The need for this bill arises directly from the High Court’s decision in Bird v DP in 2024. In that case we saw the High Court overturn a decision of the Victorian Supreme Court, upheld by the Court of Appeal, that had extended liability to relationships akin to employment. The High Court’s ruling narrowed the scope of liability, leaving victim-survivors who were abused by individuals in positions of trust but not technically employees without a clear path to justice. The High Court itself acknowledged the impacts of this decision as harsh and noted that addressing it sits squarely in the hands of legislators, inviting us as legislators to make the changes needed to address that harshness. This is exactly what this bill does today. It legislates both retrospectively and prospectively that vicarious liability for child abuse extends to relationships akin to employment. No child should ever be abused and no perpetrator should get away with it just because they were not employed by an institution and not taking a pay cheque at the time of the abuse. This is deeply unfair and has meant that some victim-survivors of child abuse have seen justice if their perpetrator was employed and others who were abused by volunteers have not seen that same justice.

This bill makes two critical reforms. It amends the Wrongs Act 1958 to expand vicarious liability for child abuse to include relationships akin to employment, ensuring institutions are liable where they placed individuals in roles of authority, trust or intimacy with children. It amends the Limitations of Actions Act 1958 to allow victim-survivors who received a settlement or civil judgement between the Bird v DP decision on 13 November 2024 and the commencement of this bill to apply to the court to set aside that settlement or judgement and commence new proceedings. This makes sure that those directly affected by the High Court’s decision are not denied the benefit of these reforms. This bill ensures that claims can be brought regardless of when the abuse occurred. We know that it can take over 20 years for victim-survivors to disclose their abuse. In my own community of Creswick and the broader Ballarat region there are devastatingly high numbers of child abuse victim-survivors, many of whom have taken decades to disclose their trauma, if they have at all. The retrospective operation of the bill recognises the lifelong effects of child abuse and it gives, hopefully, some comfort to many victim-survivors that they will finally receive some justice.

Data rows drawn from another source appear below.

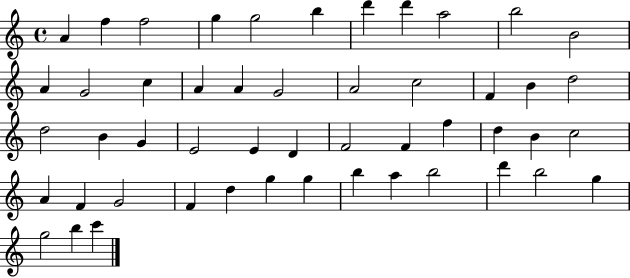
{
  \clef treble
  \time 4/4
  \defaultTimeSignature
  \key c \major
  a'4 f''4 f''2 | g''4 g''2 b''4 | d'''4 d'''4 a''2 | b''2 b'2 | \break a'4 g'2 c''4 | a'4 a'4 g'2 | a'2 c''2 | f'4 b'4 d''2 | \break d''2 b'4 g'4 | e'2 e'4 d'4 | f'2 f'4 f''4 | d''4 b'4 c''2 | \break a'4 f'4 g'2 | f'4 d''4 g''4 g''4 | b''4 a''4 b''2 | d'''4 b''2 g''4 | \break g''2 b''4 c'''4 | \bar "|."
}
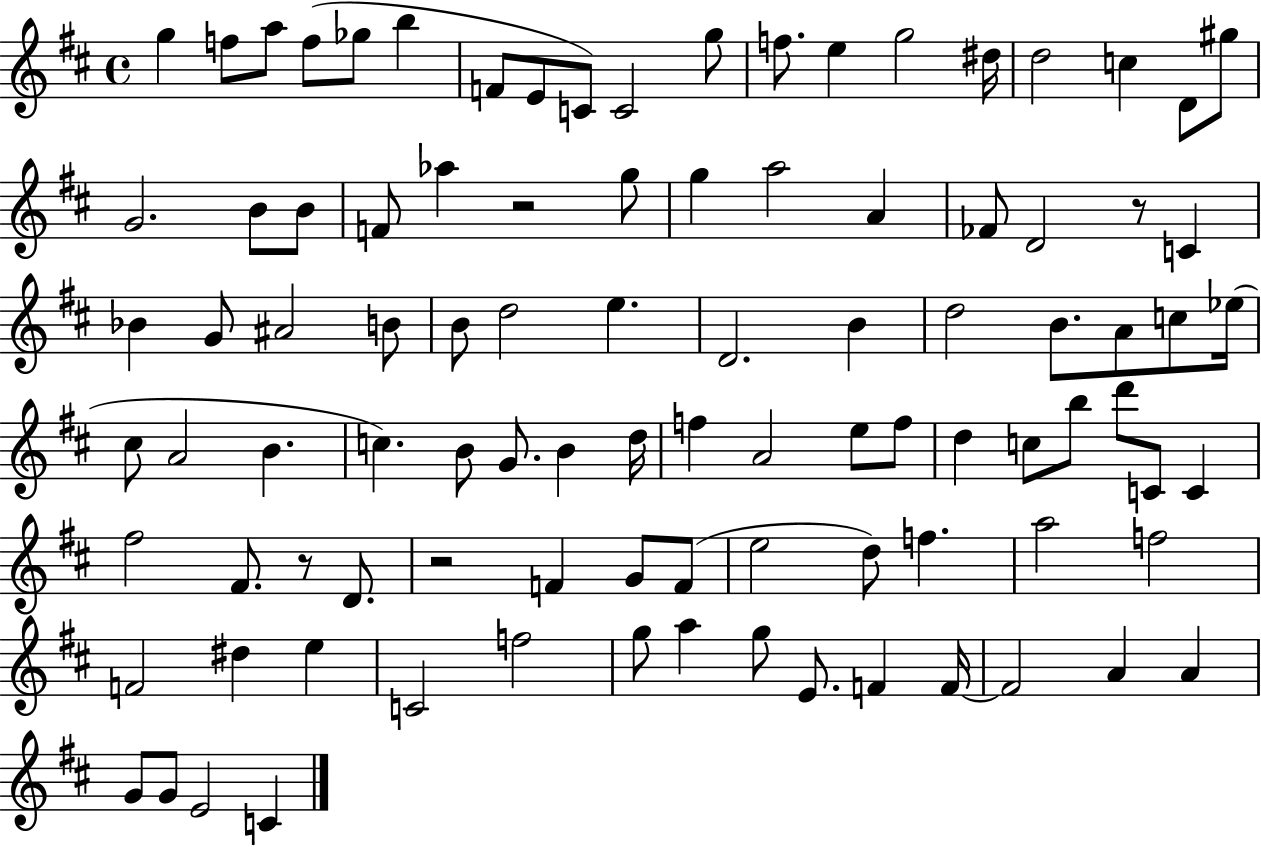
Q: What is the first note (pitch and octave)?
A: G5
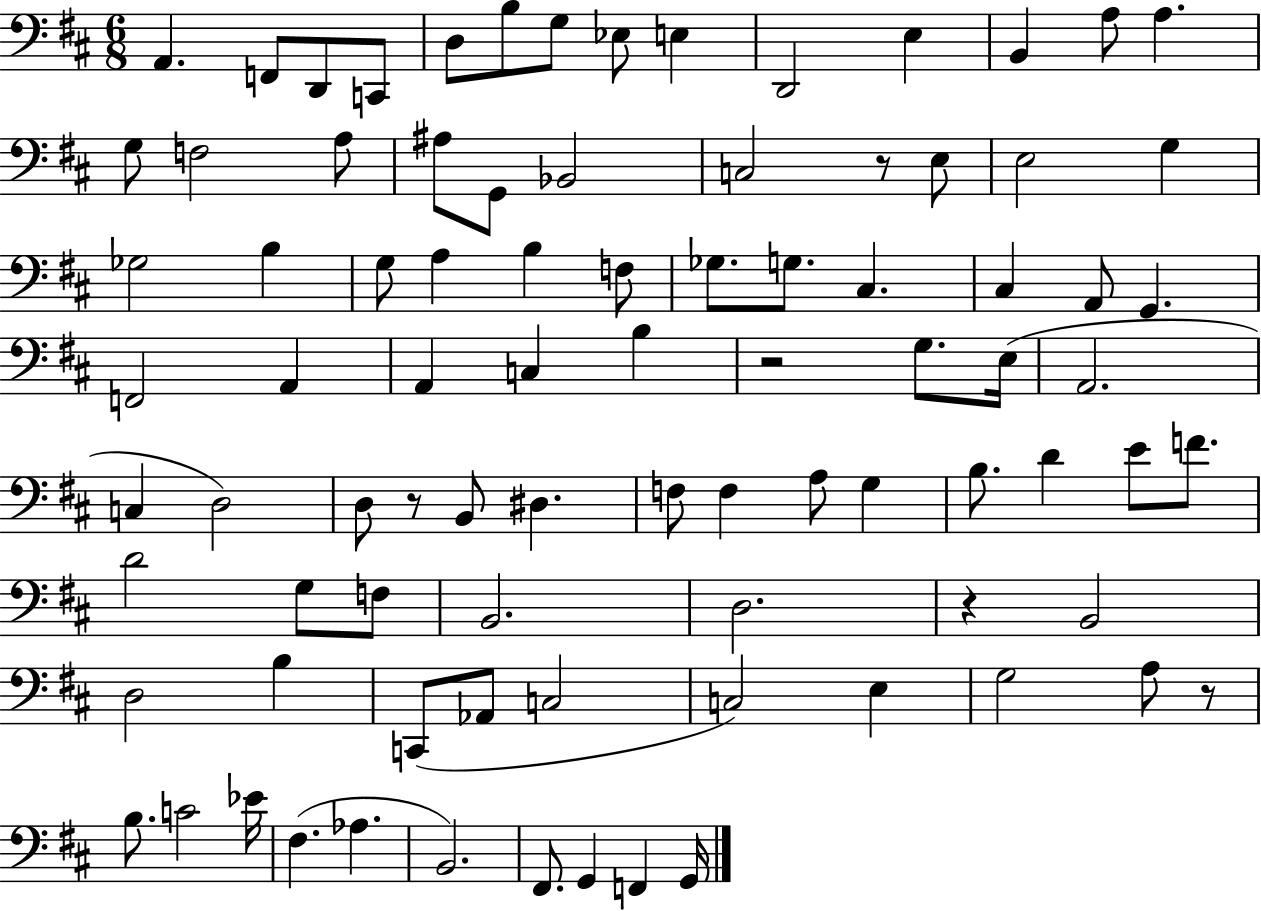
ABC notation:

The Royal Commission into Institutional Responses to Child Sexual Abuse found that survivors have faced substantial barriers to accessing justice, including the imbalance of power and resources between survivors and organisations and complex legal procedures. This bill helps dismantle those barriers and is carefully confined. It applies only to child abuse and only to organisations exercising care and authority over children and it only extends existing vicarious liability to relationships akin to employment. This limited expansion is required to alleviate the impacts of Bird v DP on victim-survivors of historical child abuse.

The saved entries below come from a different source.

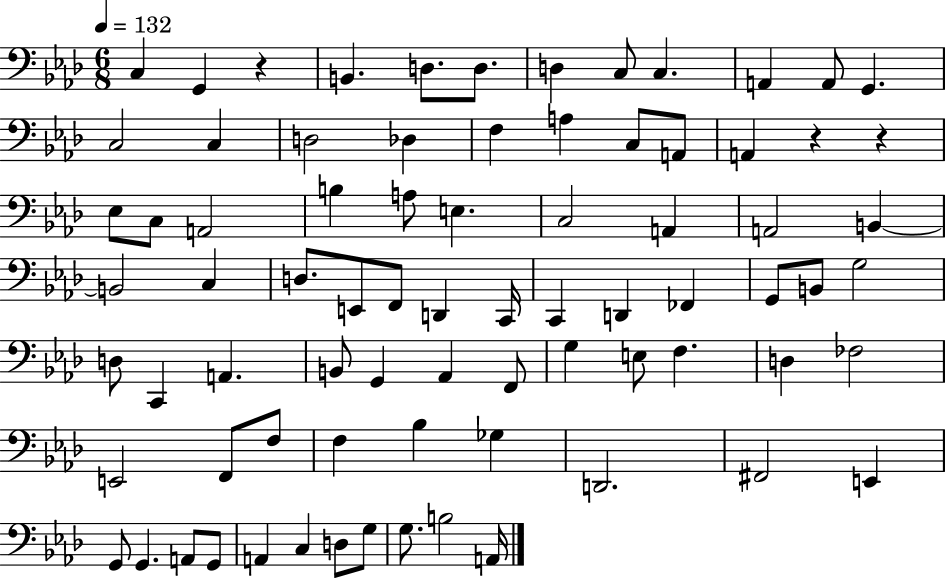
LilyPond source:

{
  \clef bass
  \numericTimeSignature
  \time 6/8
  \key aes \major
  \tempo 4 = 132
  c4 g,4 r4 | b,4. d8. d8. | d4 c8 c4. | a,4 a,8 g,4. | \break c2 c4 | d2 des4 | f4 a4 c8 a,8 | a,4 r4 r4 | \break ees8 c8 a,2 | b4 a8 e4. | c2 a,4 | a,2 b,4~~ | \break b,2 c4 | d8. e,8 f,8 d,4 c,16 | c,4 d,4 fes,4 | g,8 b,8 g2 | \break d8 c,4 a,4. | b,8 g,4 aes,4 f,8 | g4 e8 f4. | d4 fes2 | \break e,2 f,8 f8 | f4 bes4 ges4 | d,2. | fis,2 e,4 | \break g,8 g,4. a,8 g,8 | a,4 c4 d8 g8 | g8. b2 a,16 | \bar "|."
}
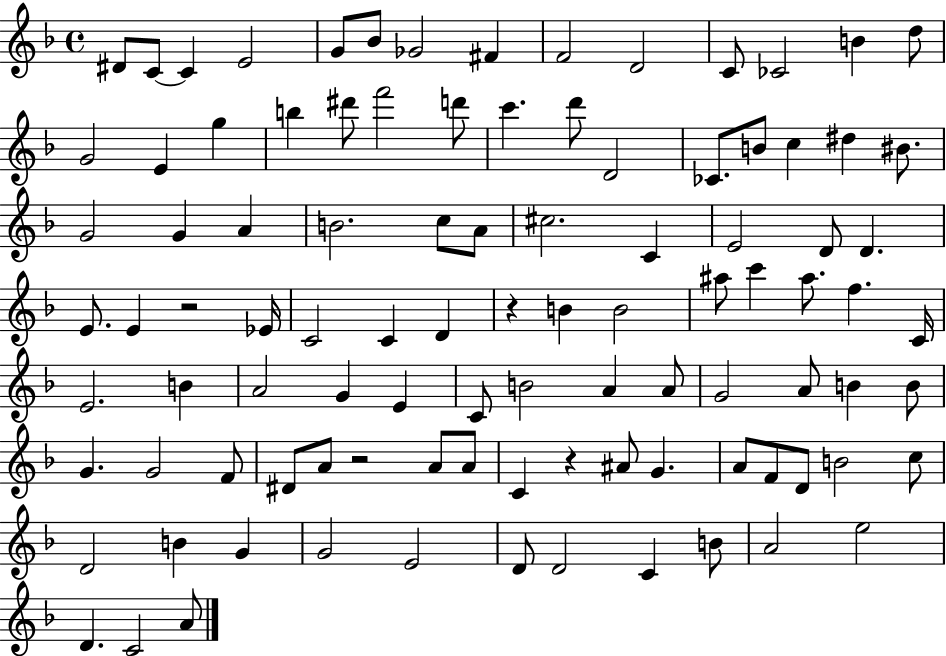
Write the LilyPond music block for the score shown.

{
  \clef treble
  \time 4/4
  \defaultTimeSignature
  \key f \major
  \repeat volta 2 { dis'8 c'8~~ c'4 e'2 | g'8 bes'8 ges'2 fis'4 | f'2 d'2 | c'8 ces'2 b'4 d''8 | \break g'2 e'4 g''4 | b''4 dis'''8 f'''2 d'''8 | c'''4. d'''8 d'2 | ces'8. b'8 c''4 dis''4 bis'8. | \break g'2 g'4 a'4 | b'2. c''8 a'8 | cis''2. c'4 | e'2 d'8 d'4. | \break e'8. e'4 r2 ees'16 | c'2 c'4 d'4 | r4 b'4 b'2 | ais''8 c'''4 ais''8. f''4. c'16 | \break e'2. b'4 | a'2 g'4 e'4 | c'8 b'2 a'4 a'8 | g'2 a'8 b'4 b'8 | \break g'4. g'2 f'8 | dis'8 a'8 r2 a'8 a'8 | c'4 r4 ais'8 g'4. | a'8 f'8 d'8 b'2 c''8 | \break d'2 b'4 g'4 | g'2 e'2 | d'8 d'2 c'4 b'8 | a'2 e''2 | \break d'4. c'2 a'8 | } \bar "|."
}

The ACT government has now passed retrospective legislation which operates very similarly to this bill. We have seen the Western Australian government introduce retrospective legislation which takes a different approach, deeming religious practitioners as employees, but that achieves a similar outcome. Even older examples exist in Canada and the UK, where the approach that we are proposing has been the status quo for over 20 years. This bill will put us in line with other states, territories and countries who have progressed their laws to better support victim-survivors and right the wrongs of the past. Where religious, community and volunteer organisations continue to operate, it does not stop them from operating – that is a very important point – but it makes sure that they are better and that there will, hopefully, be much more accountability going forward if there is ever abuse experienced in those settings.

I acknowledge that some religious and community organisations, as the member for Footscray outlined, have expressed some concern about financial impacts, but the financial interests of institutions cannot outweigh the rights of victim-survivors to seek justice. This bill is not about punishing faith communities or charities, it is about ensuring accountability where children were harmed under their care. This bill restores faith in our justice system. It says to survivors that we hear you, we believe you and we stand with you. It complements the government’s past efforts to remove barriers to civil litigation for victim-survivors of historical child abuse, and it delivers on our ongoing commitment to supporting victim-survivors.

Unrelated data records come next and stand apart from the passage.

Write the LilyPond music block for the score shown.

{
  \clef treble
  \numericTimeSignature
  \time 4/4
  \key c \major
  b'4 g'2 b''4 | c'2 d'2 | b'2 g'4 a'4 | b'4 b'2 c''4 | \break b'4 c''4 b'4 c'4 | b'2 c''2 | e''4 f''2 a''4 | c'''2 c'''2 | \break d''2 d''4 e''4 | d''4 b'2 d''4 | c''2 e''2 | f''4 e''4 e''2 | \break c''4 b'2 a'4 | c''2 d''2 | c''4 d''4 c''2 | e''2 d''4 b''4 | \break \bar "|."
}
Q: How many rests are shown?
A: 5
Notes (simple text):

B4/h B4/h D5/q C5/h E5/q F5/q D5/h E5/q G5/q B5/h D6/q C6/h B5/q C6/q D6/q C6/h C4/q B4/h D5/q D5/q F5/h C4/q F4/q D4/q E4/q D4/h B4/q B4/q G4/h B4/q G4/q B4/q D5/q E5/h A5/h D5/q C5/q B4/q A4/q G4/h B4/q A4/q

I commend the Attorney-General for bringing this legislation forward. I commend all of the work of the member for Frankston, and I thank him so wholeheartedly for doing so much hard work with this legislation. Thank you so much, Paul. I thank all of those who were involved in the journey to get here, including plaintiff and defendant law firms; legal professional associations, including the Victorian Bar Association, the Criminal Bar Association and the Australian Lawyers Alliance; Sexual Assault Services Victoria; and religious organisations, including the Catholic Diocese of Ballarat, Christian Brothers and Anglicare Victoria. I really want to thank so many members of the community in Ballarat especially. As a representative of the outskirts of Ballarat and many of the surrounding communities, I know how hard fought so many community members in Ballarat have been with this legislation and to get us to today, so I sincerely thank every single person involved within the Ballarat region.

These reforms have been informed by an independent committee as well, chaired by the Department of Justice and Community Safety, with members from other departments. I thank every person and every public servant who was a part of the committee and a part of drafting this important bill. It will help so many victim-survivors who were forced into accepting unfair outcomes following the Bird v DP decision, and it will ensure victim-survivors of child abuse will no longer be denied justice by a loophole allowing organisations to evade accountability because their abuser was not formally employed.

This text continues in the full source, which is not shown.